Scammers can easily set up fake personas on social media sites and use them to conduct their scams, which can be tailored to specific segments using legitimate tools that are available to advertisers. For instance, a scam could target individuals based on their previous purchases or personal details such as age and location. Alternatively, user accounts can be hacked and used to conduct scams on the account holder’s contacts. Individuals of all ages are falling victim to these scams, although it is the younger age groups that are most affected as they tend to use social media platforms more extensively. Out of all reports of money lost to fraud by individuals aged 20-29, 38% were initially contacted via social media networks, and 47% for individuals in the 18-19 age group.
The most common losses to social media scams were for non-existent products, which were purchased by not delivered. These scams accounted for 44% of all fraud cases that originated on social media. The most common products advertised in these scams were clothing and electronic goods, with Facebook and Instagram the most commonly abused platforms. While these scams were the most common, the biggest losses came from investment scams, where users are tricked into investing large sums in fraudulent investment opportunities, the most common of which were related to cryptocurrencies. In the first 6 months of 2023, more than half of all fraud losses were to fake investment schemes. Romance scams were the second highest cause of losses. These scams tend to start on Facebook, Instagram, or Snapchat. Contact is made, a rapport is built up, followed by a request for money.
There are several ways that social media users can limit exposure. Social media networks have privacy settings, which should be configured to limit the information that is exposed. Users should consider setting limits on who can view posts and account information, such as restricting post views to friends only. Users should be wary of any notification about either an opportunity or a need for money. Accounts may have been compromised, so any request should be verified via the telephone. Romance scams are common. While social media can provide a way to find love, never send money to anyone that you have not met in person.
Legitimate companies use social media networks to promote their products. If there is an exciting product or opportunity, conduct some due diligence on the company before making any purchase or transferring funds. The FTC recommends also conducting an online search using the company name plus “scam” or “complaint.” If an offer seems almost too good to be true, it most likely is.

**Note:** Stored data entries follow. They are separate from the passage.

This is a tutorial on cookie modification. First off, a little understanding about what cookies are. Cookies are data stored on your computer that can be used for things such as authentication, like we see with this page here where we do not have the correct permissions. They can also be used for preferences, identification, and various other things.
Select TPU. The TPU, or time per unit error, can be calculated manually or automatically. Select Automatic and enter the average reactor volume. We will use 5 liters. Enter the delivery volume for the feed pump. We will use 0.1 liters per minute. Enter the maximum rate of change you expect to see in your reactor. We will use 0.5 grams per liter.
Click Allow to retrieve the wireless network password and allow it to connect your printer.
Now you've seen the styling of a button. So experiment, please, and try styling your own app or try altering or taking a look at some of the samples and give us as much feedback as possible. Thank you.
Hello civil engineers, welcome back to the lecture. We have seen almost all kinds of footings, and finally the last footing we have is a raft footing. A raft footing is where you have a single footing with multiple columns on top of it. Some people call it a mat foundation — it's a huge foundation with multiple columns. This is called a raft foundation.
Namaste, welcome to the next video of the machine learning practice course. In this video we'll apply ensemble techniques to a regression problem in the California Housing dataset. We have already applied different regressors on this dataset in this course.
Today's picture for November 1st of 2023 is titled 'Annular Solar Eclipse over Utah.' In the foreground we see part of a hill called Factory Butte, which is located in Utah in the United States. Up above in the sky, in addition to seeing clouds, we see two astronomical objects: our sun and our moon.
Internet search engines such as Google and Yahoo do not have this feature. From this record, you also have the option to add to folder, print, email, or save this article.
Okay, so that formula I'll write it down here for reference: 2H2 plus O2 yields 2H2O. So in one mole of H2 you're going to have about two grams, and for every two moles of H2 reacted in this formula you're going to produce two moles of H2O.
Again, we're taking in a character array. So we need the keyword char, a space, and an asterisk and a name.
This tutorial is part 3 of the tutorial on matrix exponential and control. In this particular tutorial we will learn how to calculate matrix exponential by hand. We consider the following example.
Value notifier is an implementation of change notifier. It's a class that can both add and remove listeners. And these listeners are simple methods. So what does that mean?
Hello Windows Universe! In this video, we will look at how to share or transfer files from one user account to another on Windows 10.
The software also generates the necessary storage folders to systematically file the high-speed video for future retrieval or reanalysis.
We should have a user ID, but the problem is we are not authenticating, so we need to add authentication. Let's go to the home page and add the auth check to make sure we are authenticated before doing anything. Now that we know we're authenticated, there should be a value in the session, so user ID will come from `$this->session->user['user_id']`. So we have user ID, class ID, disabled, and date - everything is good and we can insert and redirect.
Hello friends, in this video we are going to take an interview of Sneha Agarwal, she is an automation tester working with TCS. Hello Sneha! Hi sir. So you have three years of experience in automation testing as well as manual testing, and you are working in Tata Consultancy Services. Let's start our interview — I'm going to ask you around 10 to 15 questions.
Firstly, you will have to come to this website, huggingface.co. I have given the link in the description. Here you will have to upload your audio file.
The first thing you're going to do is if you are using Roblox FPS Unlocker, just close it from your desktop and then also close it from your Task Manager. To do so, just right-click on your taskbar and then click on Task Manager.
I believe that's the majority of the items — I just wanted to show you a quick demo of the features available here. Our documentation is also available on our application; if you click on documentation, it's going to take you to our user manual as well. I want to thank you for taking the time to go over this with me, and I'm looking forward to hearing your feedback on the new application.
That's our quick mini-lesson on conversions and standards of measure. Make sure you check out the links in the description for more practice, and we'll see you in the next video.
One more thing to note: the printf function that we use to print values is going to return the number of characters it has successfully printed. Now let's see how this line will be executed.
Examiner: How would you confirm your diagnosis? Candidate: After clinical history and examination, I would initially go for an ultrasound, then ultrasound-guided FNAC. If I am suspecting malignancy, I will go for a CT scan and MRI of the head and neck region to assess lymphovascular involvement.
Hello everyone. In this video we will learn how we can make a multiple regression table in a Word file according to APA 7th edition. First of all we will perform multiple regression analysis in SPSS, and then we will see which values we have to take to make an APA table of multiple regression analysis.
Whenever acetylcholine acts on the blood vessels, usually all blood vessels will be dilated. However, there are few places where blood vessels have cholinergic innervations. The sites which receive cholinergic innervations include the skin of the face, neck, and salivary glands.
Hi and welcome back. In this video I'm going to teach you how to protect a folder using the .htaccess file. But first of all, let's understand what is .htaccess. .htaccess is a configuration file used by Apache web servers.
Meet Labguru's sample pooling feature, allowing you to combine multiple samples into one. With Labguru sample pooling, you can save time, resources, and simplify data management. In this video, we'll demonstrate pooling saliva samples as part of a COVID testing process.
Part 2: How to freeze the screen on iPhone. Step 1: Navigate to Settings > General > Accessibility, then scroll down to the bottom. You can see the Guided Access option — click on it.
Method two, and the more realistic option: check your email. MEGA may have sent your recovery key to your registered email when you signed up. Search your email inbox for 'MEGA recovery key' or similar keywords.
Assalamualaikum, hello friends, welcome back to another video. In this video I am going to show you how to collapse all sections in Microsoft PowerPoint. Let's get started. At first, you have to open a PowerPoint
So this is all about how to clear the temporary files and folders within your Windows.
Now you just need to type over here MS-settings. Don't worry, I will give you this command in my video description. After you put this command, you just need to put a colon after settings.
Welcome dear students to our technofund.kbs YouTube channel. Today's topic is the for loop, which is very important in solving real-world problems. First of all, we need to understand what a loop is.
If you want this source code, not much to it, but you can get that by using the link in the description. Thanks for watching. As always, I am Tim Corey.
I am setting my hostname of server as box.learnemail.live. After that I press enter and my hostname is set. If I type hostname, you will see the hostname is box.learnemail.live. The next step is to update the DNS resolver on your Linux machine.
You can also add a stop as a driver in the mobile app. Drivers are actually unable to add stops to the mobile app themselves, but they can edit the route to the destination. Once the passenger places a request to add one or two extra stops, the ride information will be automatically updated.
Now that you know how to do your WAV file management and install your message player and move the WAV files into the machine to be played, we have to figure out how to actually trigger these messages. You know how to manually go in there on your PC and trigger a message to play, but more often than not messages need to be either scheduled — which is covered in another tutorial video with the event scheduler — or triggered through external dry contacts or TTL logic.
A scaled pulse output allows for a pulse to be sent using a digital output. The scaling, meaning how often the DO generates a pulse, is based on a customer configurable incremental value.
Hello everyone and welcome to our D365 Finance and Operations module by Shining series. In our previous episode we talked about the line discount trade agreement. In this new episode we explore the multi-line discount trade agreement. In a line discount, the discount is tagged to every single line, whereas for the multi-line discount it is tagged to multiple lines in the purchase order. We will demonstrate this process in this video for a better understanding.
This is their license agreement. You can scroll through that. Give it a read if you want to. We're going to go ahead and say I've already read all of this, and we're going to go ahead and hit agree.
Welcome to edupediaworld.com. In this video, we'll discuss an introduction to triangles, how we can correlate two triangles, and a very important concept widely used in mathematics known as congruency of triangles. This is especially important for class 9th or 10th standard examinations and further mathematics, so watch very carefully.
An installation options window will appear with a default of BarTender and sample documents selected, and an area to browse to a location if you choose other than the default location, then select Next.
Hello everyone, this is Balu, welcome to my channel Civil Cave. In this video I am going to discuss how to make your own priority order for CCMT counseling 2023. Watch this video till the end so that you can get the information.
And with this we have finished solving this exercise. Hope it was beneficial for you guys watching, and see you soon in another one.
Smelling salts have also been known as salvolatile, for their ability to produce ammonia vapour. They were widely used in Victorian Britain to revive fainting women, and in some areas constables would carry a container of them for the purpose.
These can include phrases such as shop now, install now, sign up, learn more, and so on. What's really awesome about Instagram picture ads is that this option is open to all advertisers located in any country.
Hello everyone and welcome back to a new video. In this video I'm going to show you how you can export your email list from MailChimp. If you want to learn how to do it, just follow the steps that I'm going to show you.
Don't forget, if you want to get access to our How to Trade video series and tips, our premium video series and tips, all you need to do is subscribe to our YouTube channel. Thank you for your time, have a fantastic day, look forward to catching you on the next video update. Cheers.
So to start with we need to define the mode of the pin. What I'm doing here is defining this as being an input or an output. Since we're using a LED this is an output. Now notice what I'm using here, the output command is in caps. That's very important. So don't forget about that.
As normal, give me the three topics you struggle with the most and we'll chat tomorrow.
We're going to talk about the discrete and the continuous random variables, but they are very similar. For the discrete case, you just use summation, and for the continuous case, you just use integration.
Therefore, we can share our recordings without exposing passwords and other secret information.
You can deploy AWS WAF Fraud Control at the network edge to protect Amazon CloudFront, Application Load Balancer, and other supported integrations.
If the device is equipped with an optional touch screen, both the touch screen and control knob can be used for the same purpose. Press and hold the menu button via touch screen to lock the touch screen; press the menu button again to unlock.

Finally, while it may be embarrassing and difficult to admit to being fooled by a scam, it is important to report it. For online purchases and bank transfers, the scam should be reported as soon as possible to the financial institution that was used, as it may be possible to recover the funds. The scams should also be reported to the FTC or the equivalent authority if you are not based in the United States. Reporting scams can help agencies such as the FTC build cases against scammers to bring them to justice as well as alert others to stop them falling victim to scams in the future.